FIG. 1 is a cutaway perspective view of essential parts of a radio wave sealing device according to an embodiment of the present invention.

FIG. 2 is a sectional view of a main part of a microwave oven equipped with the same radio wave sealing device.

FIG. 3 is an enlarged cross-sectional view of the main part of the radio wave sealing device.

FIG. 4 is a characteristic diagram of radio wave leakage with respect to a slit pitch in the radio wave sealing device.

FIG. 5 is a characteristic diagram of radio wave leakage with respect to the gap between the main body and the door in the radio wave sealing device.

FIG. 6 is a characteristic diagram of radio wave leakage with and without a radio wave absorber for the gap between the main body and the door in the radio wave sealing device.

FIG. 7 is a sectional view of a main part of a microwave oven equipped with a conventional radio wave sealing device.

FIG. 8 is an enlarged cross-sectional view of the main part of the radio wave sealing device.

FIG. 9A is a cross-sectional view of a main part of another conventional radio wave sealing device, and FIG. 9B is a perspective view of a main part of the same radio wave sealing device.

FIG. 10 is a sectional view of a main part of another conventional radio wave sealing device.

[Explanation of symbols]

 1 main body 2 door 3 concave groove 4 wall surface 5 slit portion 6 radio wave absorber 7 edge portion

Claims (1)

[Claims] 1. A radio wave sealing device for high-frequency equipment, comprising: a main body of a conductor material into which radio waves are supplied and having an opening; and a door of a conductor material that covers the opening so as to be openable and closable.
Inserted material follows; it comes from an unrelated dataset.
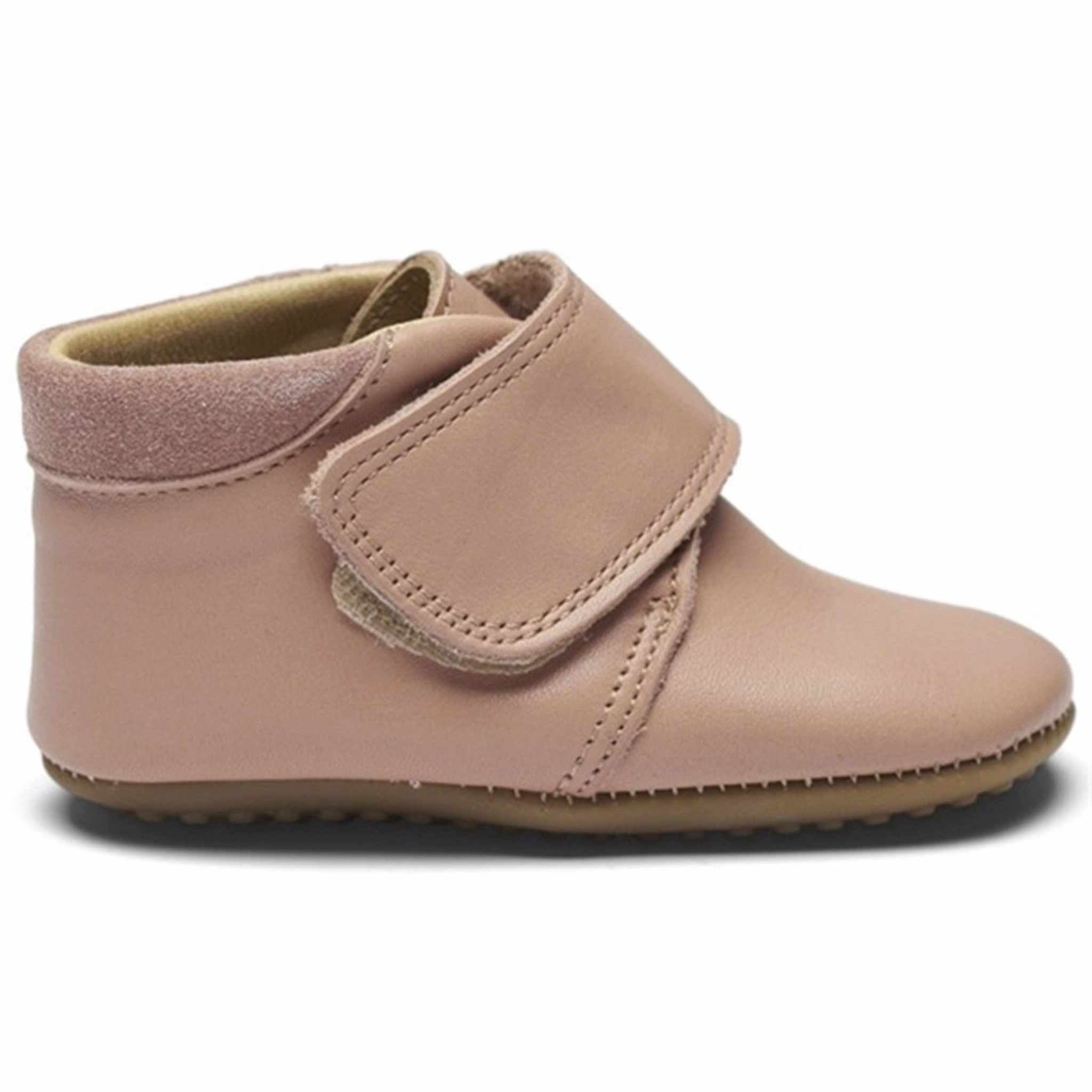 Move-Fit Elevated Gear Pom Pom Indoor Shoe Velcro Rose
Is provided in at least one of the portions facing each other, and a plurality of slits is provided in at least one wall surface of the concave groove, and the upper part of the outer wall surface of the concave groove is parallel to the upper surface of the upper part of the inner wall surface and its height is higher. A radio wave sealing device, wherein an edge portion lower than the height is provided, and an electric wave absorber that covers the concave groove and the edge portion is provided.